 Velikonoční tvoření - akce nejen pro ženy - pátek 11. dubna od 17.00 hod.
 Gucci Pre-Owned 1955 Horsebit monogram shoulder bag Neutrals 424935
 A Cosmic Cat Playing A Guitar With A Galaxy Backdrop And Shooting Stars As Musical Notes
● ● ●
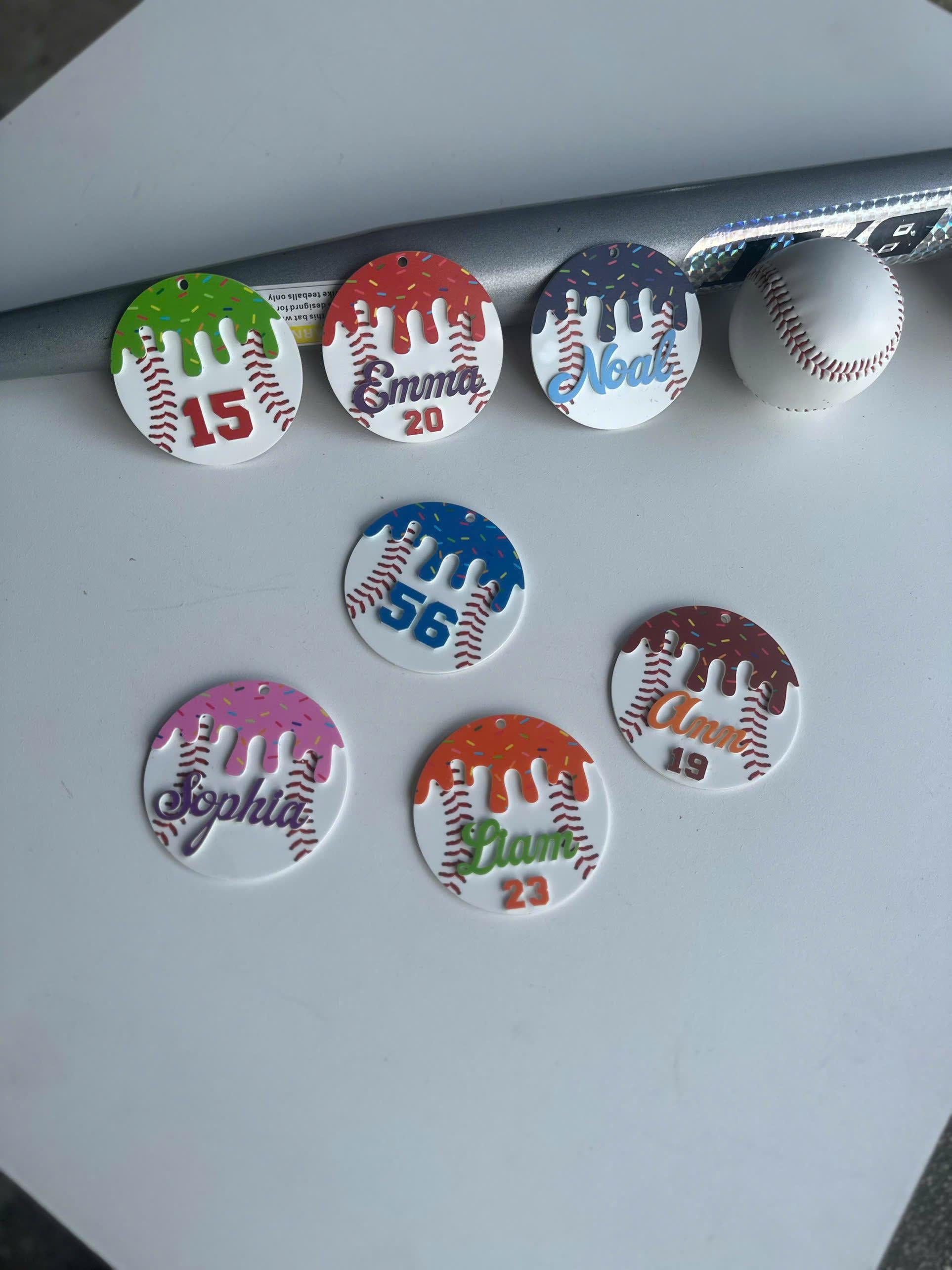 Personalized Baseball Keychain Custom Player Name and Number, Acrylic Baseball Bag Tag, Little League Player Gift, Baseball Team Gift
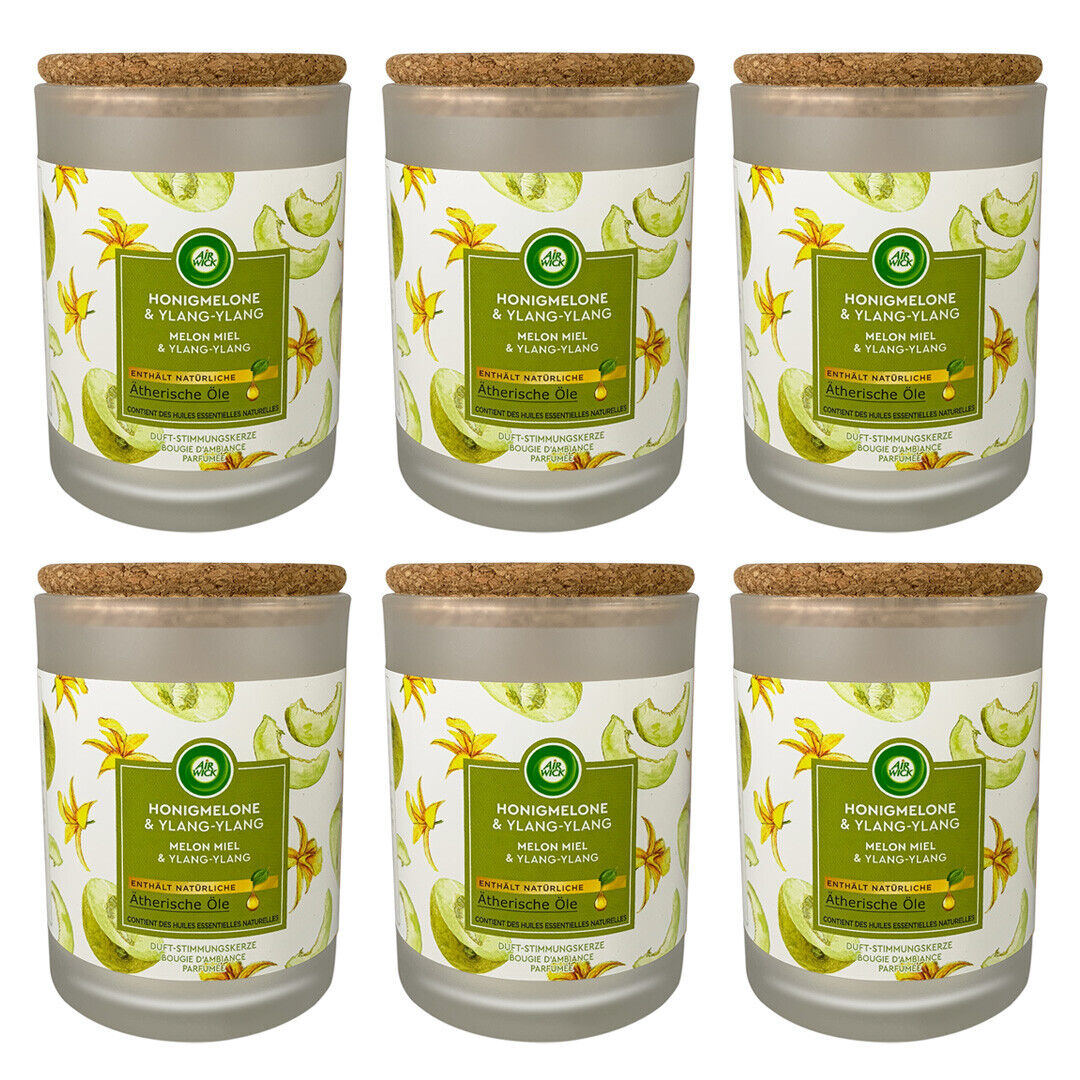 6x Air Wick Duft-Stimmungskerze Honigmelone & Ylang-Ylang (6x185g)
● ● ●
Reproduce the listing above only between the lines holding "Personalized Baseball Keychain" and "6x Air Wick", inclusive. Every line must match exactly, and pictures are dropped.

 Personalized Baseball Keychain Custom Player Name and Number, Acrylic Baseball Bag Tag, Little League Player Gift, Baseball Team Gift
 6x Air Wick Duft-Stimmungskerze Honigmelone & Ylang-Ylang (6x185g)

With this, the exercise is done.